Among the entries below, take the line with "K-Wonderland - Wholesale" and the line with "Hunter Minimus 52&quot;", and output them and every line between them exactly, with nothing else.

☆ ☆ ☆ ☆ ☆

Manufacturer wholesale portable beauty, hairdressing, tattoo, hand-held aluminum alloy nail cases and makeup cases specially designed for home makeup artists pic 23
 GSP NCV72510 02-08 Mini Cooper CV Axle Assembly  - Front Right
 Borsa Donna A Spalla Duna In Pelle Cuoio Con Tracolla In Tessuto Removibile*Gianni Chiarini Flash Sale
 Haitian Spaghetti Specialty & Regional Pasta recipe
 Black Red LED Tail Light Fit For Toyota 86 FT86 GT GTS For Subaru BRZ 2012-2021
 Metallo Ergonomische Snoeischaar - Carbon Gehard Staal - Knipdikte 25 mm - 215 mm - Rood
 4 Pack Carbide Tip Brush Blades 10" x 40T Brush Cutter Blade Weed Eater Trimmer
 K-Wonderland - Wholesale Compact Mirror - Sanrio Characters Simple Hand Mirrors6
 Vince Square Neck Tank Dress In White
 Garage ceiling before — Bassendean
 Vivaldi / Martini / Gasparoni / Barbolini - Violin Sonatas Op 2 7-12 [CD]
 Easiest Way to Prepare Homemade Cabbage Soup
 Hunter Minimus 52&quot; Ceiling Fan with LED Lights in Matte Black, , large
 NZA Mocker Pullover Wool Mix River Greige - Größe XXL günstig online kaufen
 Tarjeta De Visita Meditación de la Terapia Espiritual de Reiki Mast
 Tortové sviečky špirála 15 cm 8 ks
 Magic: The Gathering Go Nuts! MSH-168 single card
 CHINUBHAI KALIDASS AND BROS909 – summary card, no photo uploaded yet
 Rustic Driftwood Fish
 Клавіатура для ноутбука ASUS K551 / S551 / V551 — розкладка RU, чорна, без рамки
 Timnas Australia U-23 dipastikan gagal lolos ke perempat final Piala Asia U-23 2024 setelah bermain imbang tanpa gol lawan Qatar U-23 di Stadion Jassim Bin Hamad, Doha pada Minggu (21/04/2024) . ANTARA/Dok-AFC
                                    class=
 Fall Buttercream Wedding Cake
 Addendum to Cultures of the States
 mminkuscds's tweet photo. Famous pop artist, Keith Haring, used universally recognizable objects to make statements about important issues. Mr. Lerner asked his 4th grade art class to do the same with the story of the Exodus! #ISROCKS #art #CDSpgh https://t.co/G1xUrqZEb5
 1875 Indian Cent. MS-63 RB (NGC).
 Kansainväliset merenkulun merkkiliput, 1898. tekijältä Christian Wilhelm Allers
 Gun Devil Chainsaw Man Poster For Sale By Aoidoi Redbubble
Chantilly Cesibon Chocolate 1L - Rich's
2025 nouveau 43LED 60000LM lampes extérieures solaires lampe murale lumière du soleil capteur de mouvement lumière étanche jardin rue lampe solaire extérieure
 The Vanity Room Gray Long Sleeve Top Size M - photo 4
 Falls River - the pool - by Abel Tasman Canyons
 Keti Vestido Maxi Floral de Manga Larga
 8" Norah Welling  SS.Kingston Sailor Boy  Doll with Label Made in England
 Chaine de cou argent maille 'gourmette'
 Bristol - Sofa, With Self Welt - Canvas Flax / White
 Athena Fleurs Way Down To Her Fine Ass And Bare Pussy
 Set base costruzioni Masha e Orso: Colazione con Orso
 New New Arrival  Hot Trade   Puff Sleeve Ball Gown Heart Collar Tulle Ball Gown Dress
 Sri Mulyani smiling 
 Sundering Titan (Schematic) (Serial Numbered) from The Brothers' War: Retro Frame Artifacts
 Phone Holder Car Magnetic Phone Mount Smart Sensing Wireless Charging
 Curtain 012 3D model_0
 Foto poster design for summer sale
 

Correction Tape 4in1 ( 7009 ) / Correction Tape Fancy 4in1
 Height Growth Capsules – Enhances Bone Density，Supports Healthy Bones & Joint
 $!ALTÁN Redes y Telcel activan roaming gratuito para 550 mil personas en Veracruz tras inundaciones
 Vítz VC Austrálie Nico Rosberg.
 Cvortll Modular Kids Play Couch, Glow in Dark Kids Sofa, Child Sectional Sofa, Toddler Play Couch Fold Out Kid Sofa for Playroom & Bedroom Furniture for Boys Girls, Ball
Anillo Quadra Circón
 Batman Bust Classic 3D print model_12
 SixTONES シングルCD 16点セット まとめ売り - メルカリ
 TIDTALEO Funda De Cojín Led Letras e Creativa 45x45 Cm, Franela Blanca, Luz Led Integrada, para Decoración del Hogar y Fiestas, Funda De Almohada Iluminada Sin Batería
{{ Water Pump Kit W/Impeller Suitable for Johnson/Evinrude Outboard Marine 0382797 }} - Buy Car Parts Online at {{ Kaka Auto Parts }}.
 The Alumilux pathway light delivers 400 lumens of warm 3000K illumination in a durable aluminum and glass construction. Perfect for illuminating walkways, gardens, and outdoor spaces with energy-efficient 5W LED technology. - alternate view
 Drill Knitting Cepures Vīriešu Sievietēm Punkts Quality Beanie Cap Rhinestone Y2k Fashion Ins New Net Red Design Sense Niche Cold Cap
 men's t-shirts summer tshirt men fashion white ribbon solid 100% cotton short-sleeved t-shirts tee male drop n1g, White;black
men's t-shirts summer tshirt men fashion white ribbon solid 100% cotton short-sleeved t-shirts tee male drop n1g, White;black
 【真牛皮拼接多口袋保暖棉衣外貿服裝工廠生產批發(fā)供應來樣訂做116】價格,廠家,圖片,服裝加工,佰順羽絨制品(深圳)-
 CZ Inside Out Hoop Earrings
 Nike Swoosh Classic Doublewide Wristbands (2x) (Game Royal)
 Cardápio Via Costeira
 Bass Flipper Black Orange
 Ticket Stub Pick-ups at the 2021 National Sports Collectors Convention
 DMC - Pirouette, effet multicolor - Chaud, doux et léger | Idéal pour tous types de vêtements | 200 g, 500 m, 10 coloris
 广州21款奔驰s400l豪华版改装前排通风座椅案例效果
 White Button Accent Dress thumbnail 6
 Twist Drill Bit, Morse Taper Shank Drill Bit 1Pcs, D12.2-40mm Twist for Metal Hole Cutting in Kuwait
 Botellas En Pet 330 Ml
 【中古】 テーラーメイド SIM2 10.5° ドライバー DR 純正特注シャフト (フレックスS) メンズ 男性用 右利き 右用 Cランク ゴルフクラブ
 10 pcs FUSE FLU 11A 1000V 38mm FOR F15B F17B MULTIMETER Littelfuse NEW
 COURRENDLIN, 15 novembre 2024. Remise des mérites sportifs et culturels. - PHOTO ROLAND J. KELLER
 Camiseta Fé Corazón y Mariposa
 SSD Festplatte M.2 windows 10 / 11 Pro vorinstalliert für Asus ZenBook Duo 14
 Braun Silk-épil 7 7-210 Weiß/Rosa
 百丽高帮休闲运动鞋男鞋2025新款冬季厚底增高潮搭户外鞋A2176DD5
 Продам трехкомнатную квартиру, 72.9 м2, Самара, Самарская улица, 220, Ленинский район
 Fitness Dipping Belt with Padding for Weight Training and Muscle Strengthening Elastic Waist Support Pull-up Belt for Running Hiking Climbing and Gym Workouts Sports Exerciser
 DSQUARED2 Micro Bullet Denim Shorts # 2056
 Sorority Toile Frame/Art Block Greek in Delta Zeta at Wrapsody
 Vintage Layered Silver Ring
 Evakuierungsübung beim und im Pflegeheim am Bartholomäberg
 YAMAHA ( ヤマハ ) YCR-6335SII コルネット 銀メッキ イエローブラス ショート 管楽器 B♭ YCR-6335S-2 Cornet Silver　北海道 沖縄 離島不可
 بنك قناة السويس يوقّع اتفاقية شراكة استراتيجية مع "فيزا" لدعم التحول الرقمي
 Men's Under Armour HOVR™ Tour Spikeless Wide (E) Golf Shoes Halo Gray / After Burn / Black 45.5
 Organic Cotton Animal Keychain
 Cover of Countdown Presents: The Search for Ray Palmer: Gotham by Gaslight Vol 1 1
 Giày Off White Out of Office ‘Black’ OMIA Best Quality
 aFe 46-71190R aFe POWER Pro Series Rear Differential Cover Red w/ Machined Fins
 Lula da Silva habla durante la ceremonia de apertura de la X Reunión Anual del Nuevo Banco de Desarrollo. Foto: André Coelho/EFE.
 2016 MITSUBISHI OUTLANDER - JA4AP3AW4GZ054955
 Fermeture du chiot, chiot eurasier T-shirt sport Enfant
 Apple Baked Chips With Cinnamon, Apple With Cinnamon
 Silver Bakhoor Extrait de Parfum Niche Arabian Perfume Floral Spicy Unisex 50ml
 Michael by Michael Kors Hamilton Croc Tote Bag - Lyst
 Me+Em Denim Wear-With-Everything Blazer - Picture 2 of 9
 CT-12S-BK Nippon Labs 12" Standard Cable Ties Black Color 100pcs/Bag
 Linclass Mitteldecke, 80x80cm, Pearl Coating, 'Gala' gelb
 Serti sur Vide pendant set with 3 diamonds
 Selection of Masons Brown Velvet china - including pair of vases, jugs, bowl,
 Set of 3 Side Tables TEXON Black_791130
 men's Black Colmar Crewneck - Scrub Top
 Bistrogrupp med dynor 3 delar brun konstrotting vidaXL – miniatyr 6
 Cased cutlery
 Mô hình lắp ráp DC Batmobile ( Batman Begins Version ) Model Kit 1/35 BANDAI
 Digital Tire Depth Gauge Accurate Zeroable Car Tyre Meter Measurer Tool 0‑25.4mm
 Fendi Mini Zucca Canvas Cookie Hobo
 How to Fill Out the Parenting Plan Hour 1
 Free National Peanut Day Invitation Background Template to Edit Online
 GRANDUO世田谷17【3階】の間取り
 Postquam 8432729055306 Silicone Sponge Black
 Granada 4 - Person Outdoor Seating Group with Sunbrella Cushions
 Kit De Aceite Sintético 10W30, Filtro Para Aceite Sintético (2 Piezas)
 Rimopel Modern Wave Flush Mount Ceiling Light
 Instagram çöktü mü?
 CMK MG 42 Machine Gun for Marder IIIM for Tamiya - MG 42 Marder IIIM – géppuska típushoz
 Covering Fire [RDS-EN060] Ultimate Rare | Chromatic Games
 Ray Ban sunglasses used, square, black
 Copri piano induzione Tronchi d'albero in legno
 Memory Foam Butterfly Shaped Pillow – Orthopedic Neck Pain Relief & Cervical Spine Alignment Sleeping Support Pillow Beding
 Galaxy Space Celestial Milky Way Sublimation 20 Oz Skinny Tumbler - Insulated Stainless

☆ ☆ ☆ ☆ ☆

YOUR RESPONSE:
 K-Wonderland - Wholesale Compact Mirror - Sanrio Characters Simple Hand Mirrors6
 Vince Square Neck Tank Dress In White
 Garage ceiling before — Bassendean
 Vivaldi / Martini / Gasparoni / Barbolini - Violin Sonatas Op 2 7-12 [CD]
 Easiest Way to Prepare Homemade Cabbage Soup
 Hunter Minimus 52&quot; Ceiling Fan with LED Lights in Matte Black, , large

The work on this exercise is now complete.